A mantra among Republicans — especially within the right-leaning world of think-tanks and talk radio — is that America remains a “center-right” country.

As Exhibit A in their argument, they point to a CNN exit poll conducted during last Tuesday’s general election.

The survey found that 34% of Americans define themselves as conservative. By contrast, only 22% of voters say they’re liberal.

Sounds pretty definitive, right? I mean, that still looks like a huge conservative advantage. Perhaps Tuesday’s election was an anomaly?

Unfortunately for Republicans, the picture is far more treacherous.

For one thing, Americans who describe themselves as “conservative” have grown increasingly comfortable with things that card-carrying “movement conservatives” despise.

Things like increased government aid for the poor, more Federal involvement in the economy, universal health care, and robust environmental programs.

They also engage in private social behaviors that The Right opposes, ranging from divorce to abortion to same-sex relationships.

These self-identifying conservatives are so wayward, in fact, that one out of five actually voted for Barack Obama, the Democratic candidate.

(By contrast, only one in ten “liberals” voted for John McCain.)

Give conservatives credit. They succeeded in making the label “conservative” attractive. People like to describe themselves that way.

But the movement has failed to convince those same voters to share much of their agenda.

And there’s a bigger problem.

Conservatives prefer to side-step the fact that the biggest chunk of voters in that exit survey (44%) describe themselves as moderates.

A whopping 60% of those voters chose Obama, an African American candidate described by Republicans as a “socialist” and the “most liberal Democrat in the Senate.”

“I think this begs the question as to what self-described ‘moderates’ mean when they label themselves that way,” wrote Andrew Stuttaford, in the conservative National Review.

“My guess is that the very idea of what a ‘moderate’ is has shifted quite some way to the left of late.
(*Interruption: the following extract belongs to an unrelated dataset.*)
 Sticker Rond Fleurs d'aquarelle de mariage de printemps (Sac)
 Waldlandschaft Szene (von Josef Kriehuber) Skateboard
In many respects, the right’s key job over the next four years will be to push it back again.”

This Big Push is made more difficult by the fact that Democrats are winning decisively among every demographic group — young people, educated professionals, Hispanics, and Asian Americans — that is growing in numbers.

Republicans are leading in only two demographics, both of which are dwindling in clout: rural and elderly voters.

It may be time for conservative leaders to stop talking and start listening.

Listen first to Americans who describe themselves as conservative. What do those 34% of voters think the Right’s agenda should be? What issues matter to them?

And why did a big chunk of them vote for a Democrat in 2008?